Des vœux pieux sans actions

Ces propos ne sont en fait que des vœux pieux. Il n’y a nulle part un soutien sans équivoque à la politique défendue par le président Aoun pour un retour volontaire des réfugiés, organisé en coordination avec les autorités syriennes. Ce sont des paroles pertinentes, certes, qui restent dans le cadre des généralités. On ne voit pas dans les décisions du sommet de Beyrouth l’annonce de la création d’un mécanisme pour le retour des déplacés, ou un financement pour organiser ce processus.

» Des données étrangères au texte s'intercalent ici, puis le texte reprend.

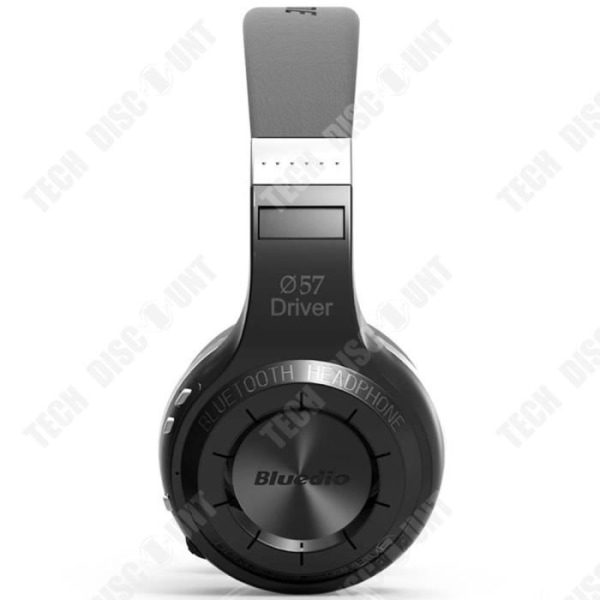 TD® Bluetooth-kuulokesetti 172*85*182mm Älykäs taustamelun vaimennus Pitkäkestoinen akku 3,5 mm audio-liitännän tuki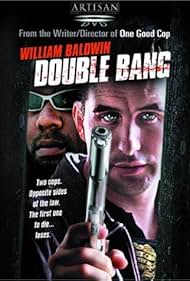 William Baldwin and Byron Minns in Double Bang (2001)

D’ailleurs, le retour n’a aucune chance de réussir sans la coopération de la Syrie. C’est donc ce pays qui devait être présent avant tout autre à ce sommet. Et il n’est pas abusif de dire que sans la présence de la Syrie, cette réunion n’avait que peu d’intérêt pour le Liban.

Pour compenser les concessions qu’il a consenties, Gebran Bassil a fait des déclarations sur la nécessité de réintégrer Damas dans le giron des pays arabes. Il a même affirmé que cette idée «a été reçue positivement» par les participants au sommet. Ces propos sont louables, certes, mais ils restent des mots dénués de toute action tangible pour les concrétiser. Le ministre Bassil semble toujours dans la logique de l’équilibrisme.

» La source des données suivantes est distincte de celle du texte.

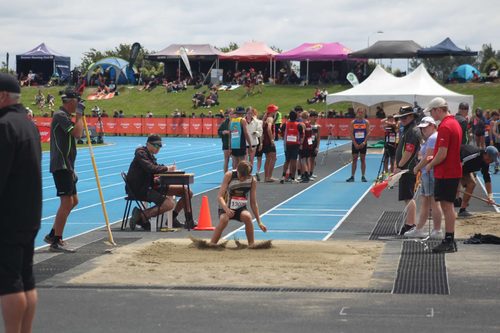 2025 Colgate Games Day 1 photo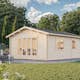 Stuga Palmako Irene 24,8 m2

La reconstruction de la Syrie éludée

La reconstruction de la Syrie aurait dû être l’autre grand enjeu de ce sommet pour le Liban. Ce dossier n’a même pas été abordé car avant la tenue de la réunion, les Américains ont fait parvenir des messages que le temps de la reconstruction n’a pas encore sonné. Le sujet a alors été tout simplement ignoré. Pourtant, c’est une question presque vitale pour le Liban, qui traverse une des pires crises économiques de son histoire contemporaine. Les milieux des affaires savent pertinemment que la seule issue pour relancer l’économie est la perspective que peut offrir la reconstruction de la Syrie. Et pour participer à cet immense chantier, Beyrouth doit d’abord normaliser ses relations avec Damas. Or une partie de la classe politique et des dirigeants sont opposés à tout contact avec les autorités syriennes, de peur de s’attirer les foudres de leurs parrains du Golfe et des Occidentaux, menés par les Etats-Unis.

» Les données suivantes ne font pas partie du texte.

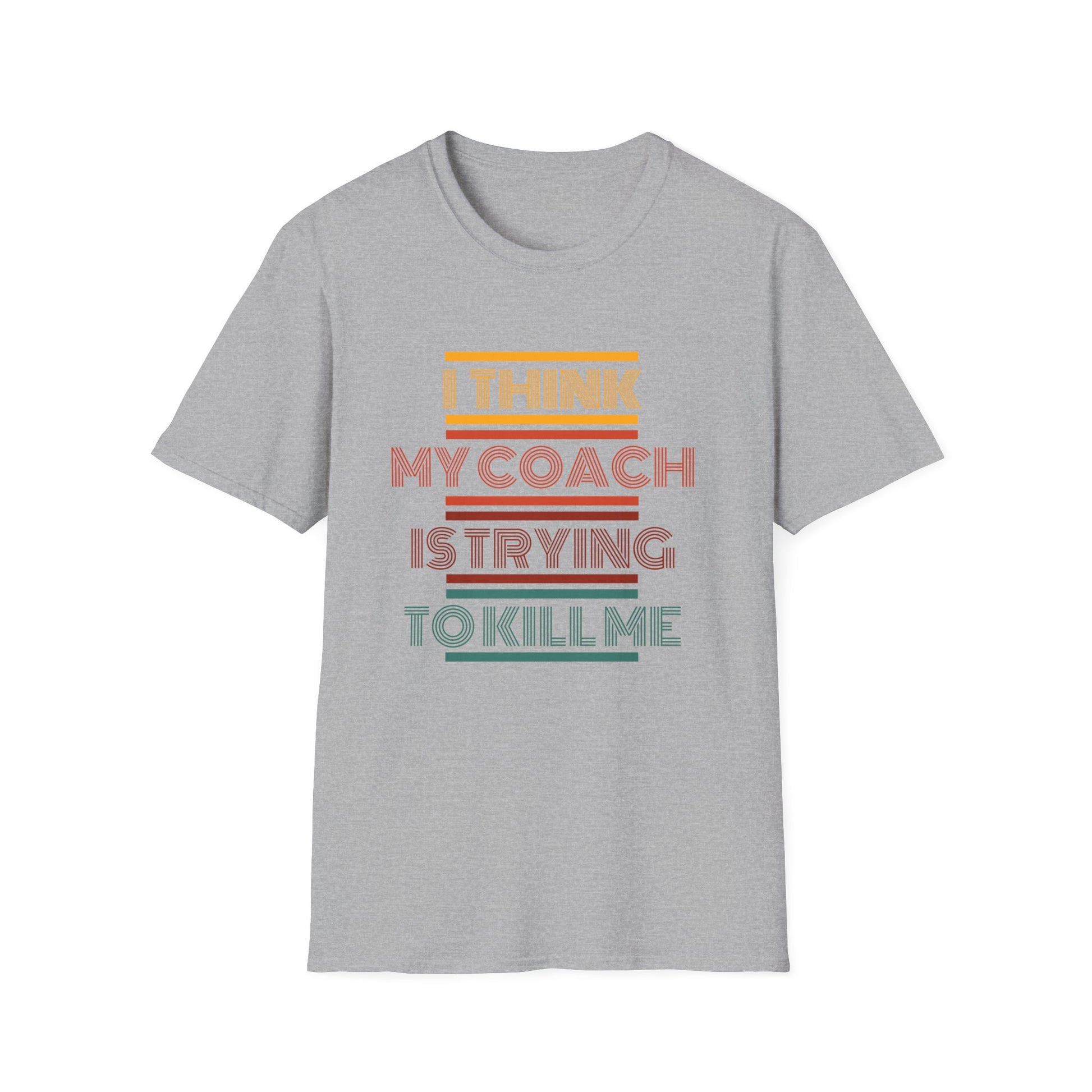 MY COACH RETRO T-SHIRT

Sur le plan de la forme, le sommet était aussi un échec sur le plan du niveau de la représentation. La venue impromptue, pour quelques heures, de l’émir du Qatar, Tamim ben Hamad Al Thani, n’a pas réussi à sauver les apparences.  Certes, la présence de l’émir Tamim est appréciable. Il a par sa venue brisé le boycott des dirigeants du Golfe du Liban et non pas du sommet. Mais sa présence a été ternie par des informations vite démenties sur le fait que Doha aurait financé les frais du sommet, qui s’élèveraient à 15 millions de dollars.

L’absence de presque tous les chefs d’Etat arabes, à part le Mauritanien et le Somalien, a donc pesé. Certains milieux ont tenté de faire assumer la responsabilité de cette désaffection à l’affaire du drapeau libyen brûlé à Beyrouth par des militants du mouvement Amal. Mais que dire des conseils prodigués par les Américains à tous leurs «alliés» arabes sur la nécessité de ne pas inviter la Syrie et de ne pas aborder la question de la reconstruction de ce pays?

A vu de toutes ces déconvenues, on se demande ce que le Liban a pu gagner en accueillant ce sommet terne et fade, que ne fera en rien avancer son économie ou encourager les Arabes à venir y investir.